Genetic mutations responsible for CMSs have been identified in relation to proteins in the presynaptic, synaptic and postsynaptic compartments of the neuromuscular endplate. As expected, the frequency of particular gene mutations varies within different ethnic groups, but in most populations the most common form of CMS is due to a deficiency of acetylcholine receptors on the postsynaptic membrane [3]. These can result from recessive missense, nonsense, frameshift or splice site and promoter region mutations in any of the genes encoding the acetylcholine receptor subunits. However, a high frequency of mutations in the acetylcholine receptor ε subunit (CHRNE) compared with other subunits has been recognised and attributed to the phenotypic rescue by maintained low level expression of the foetal γ subunit that substitutes for the defective ε subunit, but cannot compensate for the other muscle acetylcholine receptor subunits. Our patient was diagnosed with c.183_187dupCTCAC within CHRNE, which is predicted to convert Leu–Asn–Glu codons to Pro–His–Stop at positions 63–65 of the protein p.(Leu63fs), resulting in truncation of the ε subunit in its extracellular domain [4]. This variant is SNP rs776927709, whose allele frequency count of 1.64728e-05 is low enough to be the cause of a rare recessively inherited genetic disease such as CMS. From the sequencing data presented here, this duplication is predicted to be homozygous. Sequence analysis of the parental DNA would provide confirmation but unfortunately parental DNA was not available. Therefore a heterozygous deletion with concomitant removal of one or both primer binding sites, which would produce the same chromatogram, cannot be excluded. Although our patient demonstrated the typical phenotype of CHRNE mutation CMS, a genetic diagnosis was confirmed only 15 years after onset, and a previous diagnosis of ‘autoimmune myasthenia gravis’ was revised precluding the risk of inadvertent immunotherapy. Furthermore, specific genetic diagnosis provided the option of adding 3,4 diaminopyridine and salbutamol when symptomatically required [2, 5].
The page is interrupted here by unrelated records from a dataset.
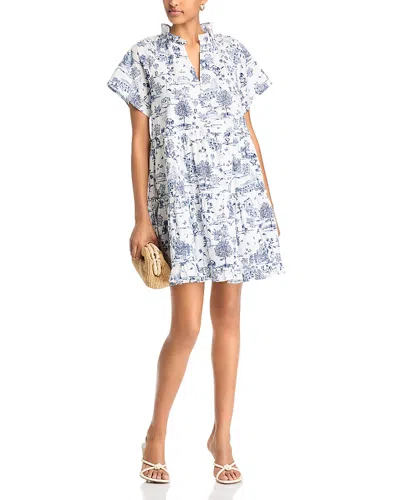 Aqua Toile Short Sleeve Mini Dress - Exclusive In Navy/wite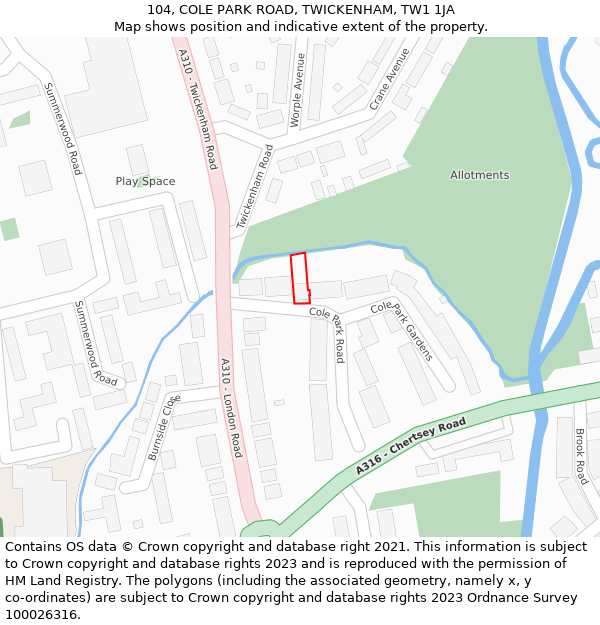 104, COLE PARK ROAD, TWICKENHAM, TW1 1JA: Location map and indicative extent of plot
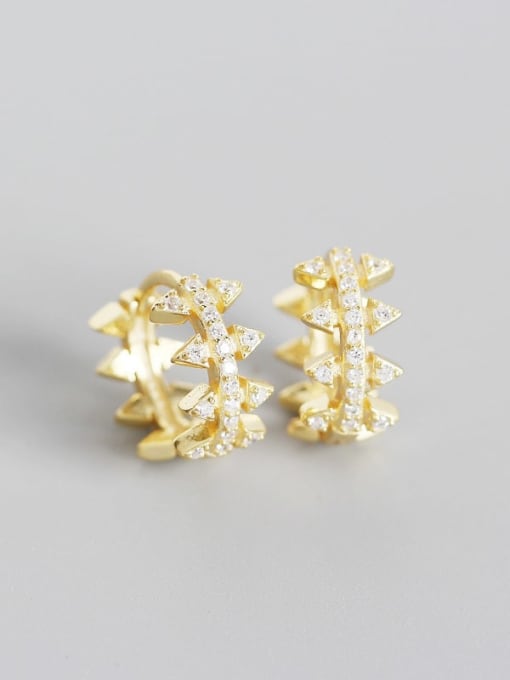 Gold 925 Sterling Silver Cubic Zirconia White Geometric Dainty Huggie Earring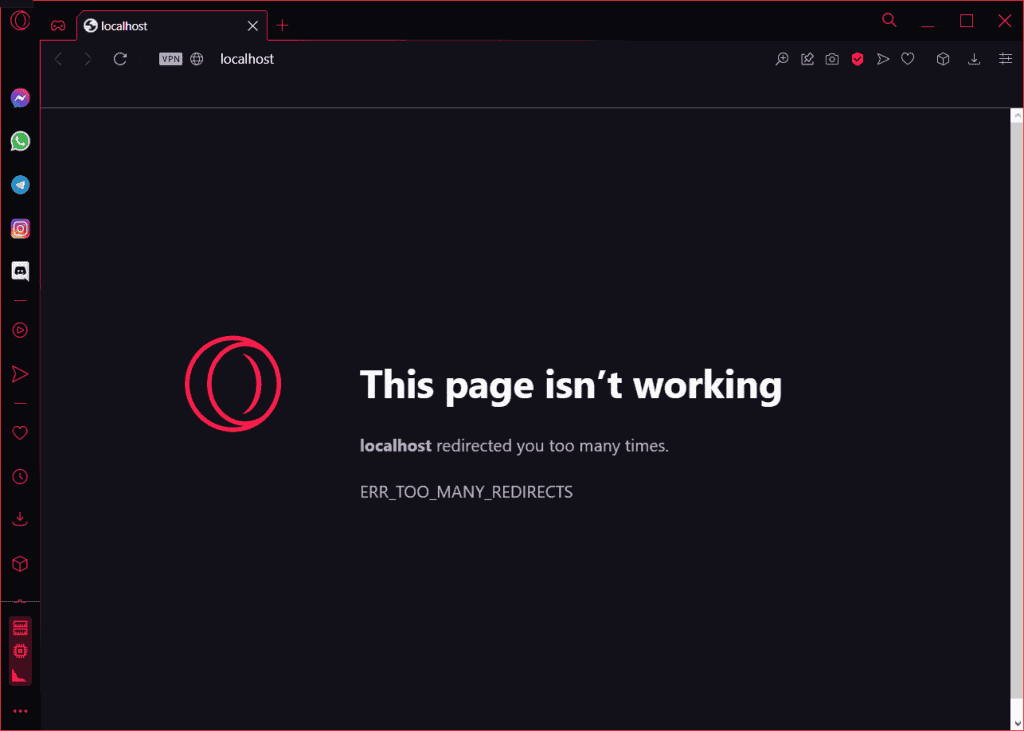 Opera Err Too Many Redirects
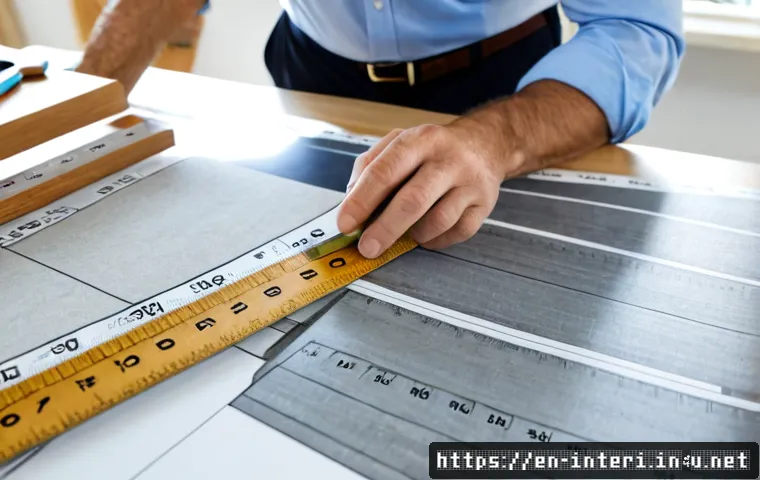 Home 17 실내건축 전문 용어 사전 - Photorealistic interior design workspace, a mature architect in smart casual clothing reviewing a la...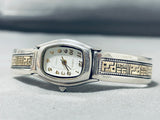 Native American Striking Vintage Santo Domingo Sterling Silver & 14k Gold Watch Bracelet-Nativo Arts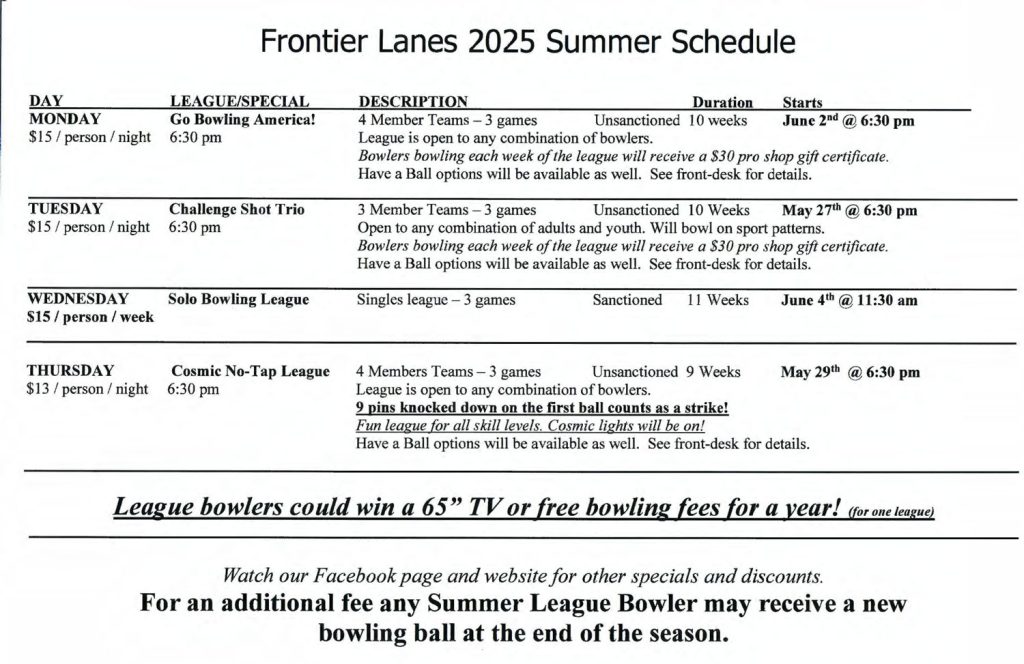 league schedule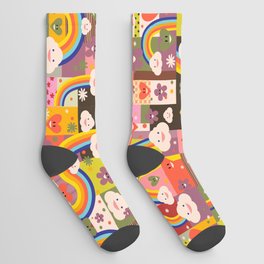 Happy Rainbow Pattern Socks | Digital, Colorful, Colors, Gay, Happy, Color, Pride, Rainbow, Pattern, Graphicdesign 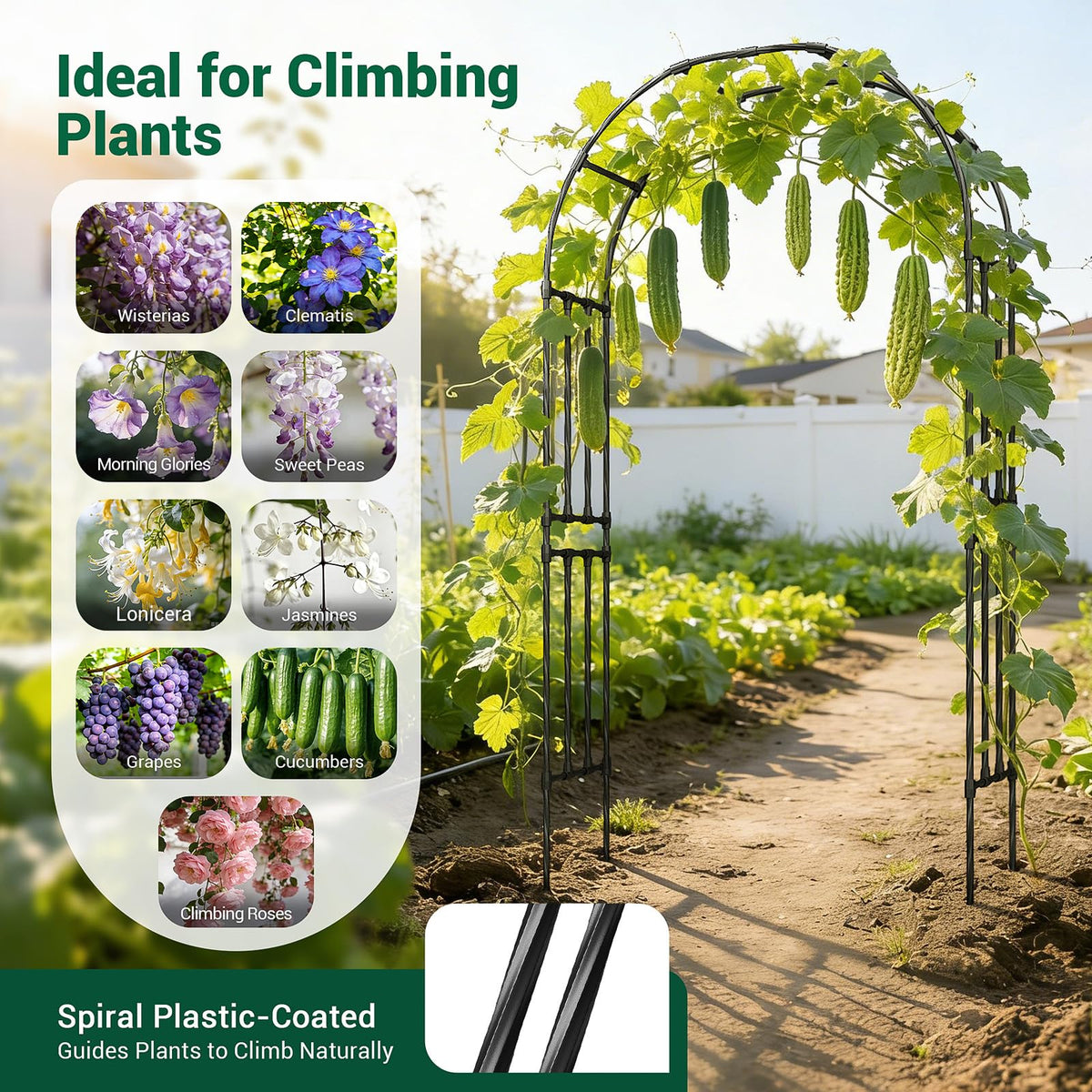 Miory garden arch trellis supports vibrant vines and flowers.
In a review of patients attending a comprehensive neuromuscular clinic in India over a period of 8 years, 4.8 % of 314 myasthenic individuals were found to have CMS, but a genetic diagnosis had not been ascertained in them [6]. However, interestingly, certain founder mutations of CMS have been identified in individuals of Indian subcontinent origin [7, 8]. There was no family history of neuromuscular disorders in our patient, but unavailability of DNA from her parents precluded further evaluation of the origins of the identified mutation.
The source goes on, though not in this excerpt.